[Caption-style text data]
....................

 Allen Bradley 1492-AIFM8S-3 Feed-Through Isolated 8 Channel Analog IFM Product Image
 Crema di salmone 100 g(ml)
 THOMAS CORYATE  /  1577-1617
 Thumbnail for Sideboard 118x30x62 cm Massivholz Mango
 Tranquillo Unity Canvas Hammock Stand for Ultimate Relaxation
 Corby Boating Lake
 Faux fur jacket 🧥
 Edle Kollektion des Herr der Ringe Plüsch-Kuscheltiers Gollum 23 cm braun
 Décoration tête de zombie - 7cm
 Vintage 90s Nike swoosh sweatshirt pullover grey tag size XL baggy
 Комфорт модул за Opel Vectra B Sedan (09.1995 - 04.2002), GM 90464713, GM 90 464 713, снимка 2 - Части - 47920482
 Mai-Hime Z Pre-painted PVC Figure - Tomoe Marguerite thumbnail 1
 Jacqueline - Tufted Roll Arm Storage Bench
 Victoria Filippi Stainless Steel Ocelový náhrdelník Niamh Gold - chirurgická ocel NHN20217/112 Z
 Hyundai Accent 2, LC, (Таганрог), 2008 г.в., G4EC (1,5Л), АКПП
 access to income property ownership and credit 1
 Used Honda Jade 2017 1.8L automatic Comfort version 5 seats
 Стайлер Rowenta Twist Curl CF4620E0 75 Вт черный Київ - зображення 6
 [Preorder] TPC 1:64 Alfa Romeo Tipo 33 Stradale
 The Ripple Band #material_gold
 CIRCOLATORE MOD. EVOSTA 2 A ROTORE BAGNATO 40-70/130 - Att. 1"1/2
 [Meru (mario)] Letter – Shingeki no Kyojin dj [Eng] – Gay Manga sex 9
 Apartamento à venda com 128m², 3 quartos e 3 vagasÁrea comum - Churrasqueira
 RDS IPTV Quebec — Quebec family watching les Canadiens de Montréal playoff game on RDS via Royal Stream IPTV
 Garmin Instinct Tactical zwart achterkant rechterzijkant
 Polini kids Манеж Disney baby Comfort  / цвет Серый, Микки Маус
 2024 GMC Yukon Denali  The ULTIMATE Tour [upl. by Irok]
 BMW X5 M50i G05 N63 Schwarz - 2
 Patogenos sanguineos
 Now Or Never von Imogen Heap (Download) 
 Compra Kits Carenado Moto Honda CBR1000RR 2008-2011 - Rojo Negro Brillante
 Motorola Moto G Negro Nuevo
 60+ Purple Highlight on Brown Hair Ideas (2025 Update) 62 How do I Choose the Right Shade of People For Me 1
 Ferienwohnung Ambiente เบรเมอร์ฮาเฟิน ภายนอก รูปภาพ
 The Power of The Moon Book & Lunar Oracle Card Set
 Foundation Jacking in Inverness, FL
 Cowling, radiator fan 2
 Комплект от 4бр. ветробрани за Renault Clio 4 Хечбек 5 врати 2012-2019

....................

__INSTRUCTIONS FOR THE TASK__. Could you set down each entry above word for word?

__EXERCISE ANSWER__.
 Allen Bradley 1492-AIFM8S-3 Feed-Through Isolated 8 Channel Analog IFM Product Image
 Crema di salmone 100 g(ml)
 THOMAS CORYATE  /  1577-1617
 Thumbnail for Sideboard 118x30x62 cm Massivholz Mango
 Tranquillo Unity Canvas Hammock Stand for Ultimate Relaxation
 Corby Boating Lake
 Faux fur jacket 🧥
 Edle Kollektion des Herr der Ringe Plüsch-Kuscheltiers Gollum 23 cm braun
 Décoration tête de zombie - 7cm
 Vintage 90s Nike swoosh sweatshirt pullover grey tag size XL baggy
 Комфорт модул за Opel Vectra B Sedan (09.1995 - 04.2002), GM 90464713, GM 90 464 713, снимка 2 - Части - 47920482
 Mai-Hime Z Pre-painted PVC Figure - Tomoe Marguerite thumbnail 1
 Jacqueline - Tufted Roll Arm Storage Bench
 Victoria Filippi Stainless Steel Ocelový náhrdelník Niamh Gold - chirurgická ocel NHN20217/112 Z
 Hyundai Accent 2, LC, (Таганрог), 2008 г.в., G4EC (1,5Л), АКПП
 access to income property ownership and credit 1
 Used Honda Jade 2017 1.8L automatic Comfort version 5 seats
 Стайлер Rowenta Twist Curl CF4620E0 75 Вт черный Київ - зображення 6
 [Preorder] TPC 1:64 Alfa Romeo Tipo 33 Stradale
 The Ripple Band #material_gold
 CIRCOLATORE MOD. EVOSTA 2 A ROTORE BAGNATO 40-70/130 - Att. 1"1/2
 [Meru (mario)] Letter – Shingeki no Kyojin dj [Eng] – Gay Manga sex 9
 Apartamento à venda com 128m², 3 quartos e 3 vagasÁrea comum - Churrasqueira
 RDS IPTV Quebec — Quebec family watching les Canadiens de Montréal playoff game on RDS via Royal Stream IPTV
 Garmin Instinct Tactical zwart achterkant rechterzijkant
 Polini kids Манеж Disney baby Comfort  / цвет Серый, Микки Маус
 2024 GMC Yukon Denali  The ULTIMATE Tour [upl. by Irok]
 BMW X5 M50i G05 N63 Schwarz - 2
 Patogenos sanguineos
 Now Or Never von Imogen Heap (Download) 
 Compra Kits Carenado Moto Honda CBR1000RR 2008-2011 - Rojo Negro Brillante
 Motorola Moto G Negro Nuevo
 60+ Purple Highlight on Brown Hair Ideas (2025 Update) 62 How do I Choose the Right Shade of People For Me 1
 Ferienwohnung Ambiente เบรเมอร์ฮาเฟิน ภายนอก รูปภาพ
 The Power of The Moon Book & Lunar Oracle Card Set
 Foundation Jacking in Inverness, FL
 Cowling, radiator fan 2
 Комплект от 4бр. ветробрани за Renault Clio 4 Хечбек 5 врати 2012-2019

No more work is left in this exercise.